The tense wait kept the Middle East on edge. Abdelmalik al-Houthi, the leader of the Houthis — the Yemeni rebel group that joined the conflict on March 28 in support of Iran, launching targeted missiles at Israel — stated in a televised address on Tuesday that renewed clashes were inevitable. Al-Houthi considered the escalation in the region “possibly high” as the end of the “fragile” ceasefire approached, which he described as a pause “within a continuous conflict with the enemy.” “Our course is escalation if the enemy escalates and returns to aggression,” he warned. Although they did not do so this time before the ceasefire, the Houthis have the capacity to attempt to block Red Sea shipping lanes again, as they did during the Israeli invasion of Gaza, which began in 2023.
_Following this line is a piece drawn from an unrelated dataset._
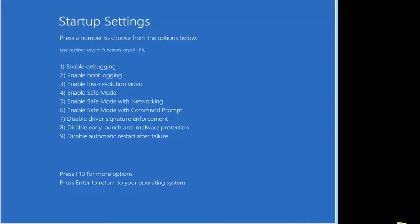Now this will restart Windows into the Startup Settings. Our mouse is no longer active. We must select the key. In this case, we're going to select Number 5, Enable Safe Mode with Networking.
Israel initiated the current conflict, along with the U.S., but is not directly participating in the talks and is adhering to the ceasefire. Now, it is also committed to a ceasefire in Lebanon, enforced by the United States, after its initial exclusion from the truce further slowed down progress in the negotiations, already hampered by the stand-off in the Strait of Hormuz.

On Tuesday, Israeli Prime Minister Benjamin Netanyahu (who opposes the truce and wants to resume attacks, targeting civilian infrastructure such as power plants) used a speech in Jerusalem on Memorial Day to reiterate his widely criticized and baseless comparison between the Holocaust and Iran’s intentions. He launched the war against the Tehran regime on February 28, in conjunction with Washington, because it was “planning another Holocaust,” like the one the Nazis and their allies committed — exterminating approximately six million Jews by the end of World War II in 1945.

Iran does not possess the nuclear weapons that Israel does (it is the only country in the Middle East not covered by the Nuclear Non-Proliferation Treaty), it wasn’t even enriching uranium in the preceding months, and it hadn’t been threatening to attack Israel. Netanyahu, however, has asserted that Iran was “plotting” to destroy the country “with nuclear bombs and thousands of ballistic missiles.”

“Had we not acted against the existential threat, had we not acted with determination and daring, the names of the death sites Natanz, Fordow, Isfahan might have joined the names of the death camps of the Holocaust: Auschwitz, Majdanek, Treblinka,” Netanyahu said on Tuesday. Both the Israeli prime minister himself and Trump claimed, after airstrikes against Iran in June 2025, to have destroyed or severely damaged those nuclear facilities.